→ **What the task requires**: An acceptable answer repeats exactly the line containing "Photo: Goran Kovacic Photo: Goran" and all lines that follow it in the listing below, and it includes no pictures.

---------- Recorded data ----------

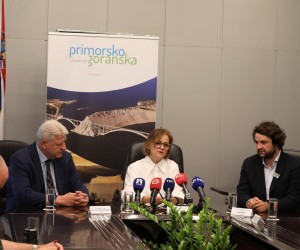 31.08.2022., Rijeka - Na konferenciji za novinare u sjedistu zupanije primorsko goranske predstavljen je kurikulum gradjanskog odgoja i obrazovanja u srednjoj skoli "Skola i zajednica" (SIZ),  koji se uvodi u vise skola u PGZ. O kurikulumu su govorili: zupan Zlatko Komadina, rektorica Snjezana Prijic Samarzija, ravnatelj Instituta za drustvena istrazivanja u Zagrebu Boris Jokic i procelnica za odgoj i obrazovanje Edita Stilin.
Photo: Goran Kovacic Photo: Goran Kovacic/PIXSELL
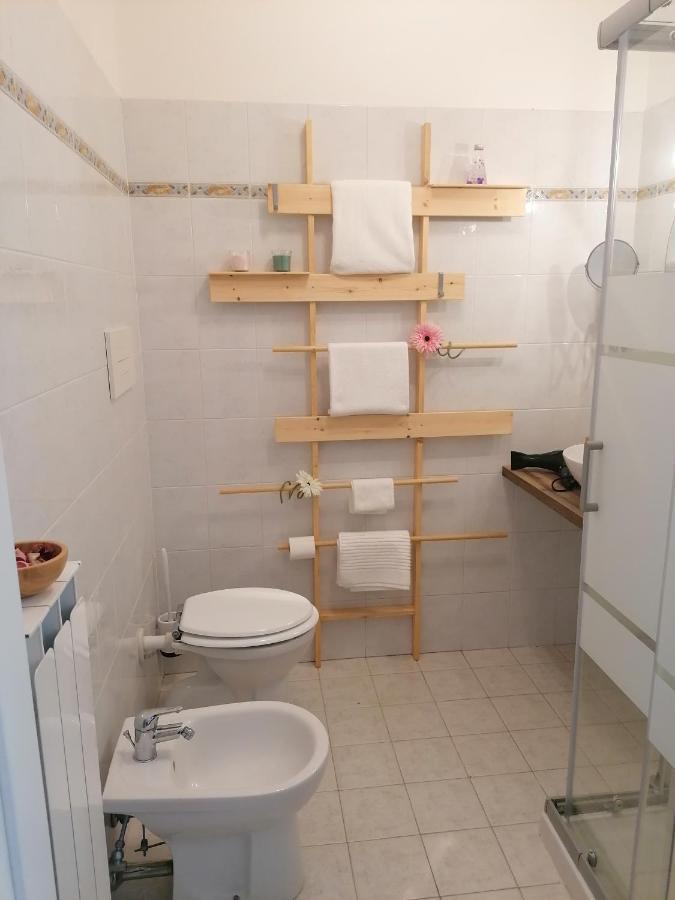 Area33 Guest House Bologna Esterno foto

----------

→ **Answer for this exercise**:
Photo: Goran Kovacic Photo: Goran Kovacic/PIXSELL
 Area33 Guest House Bologna Esterno foto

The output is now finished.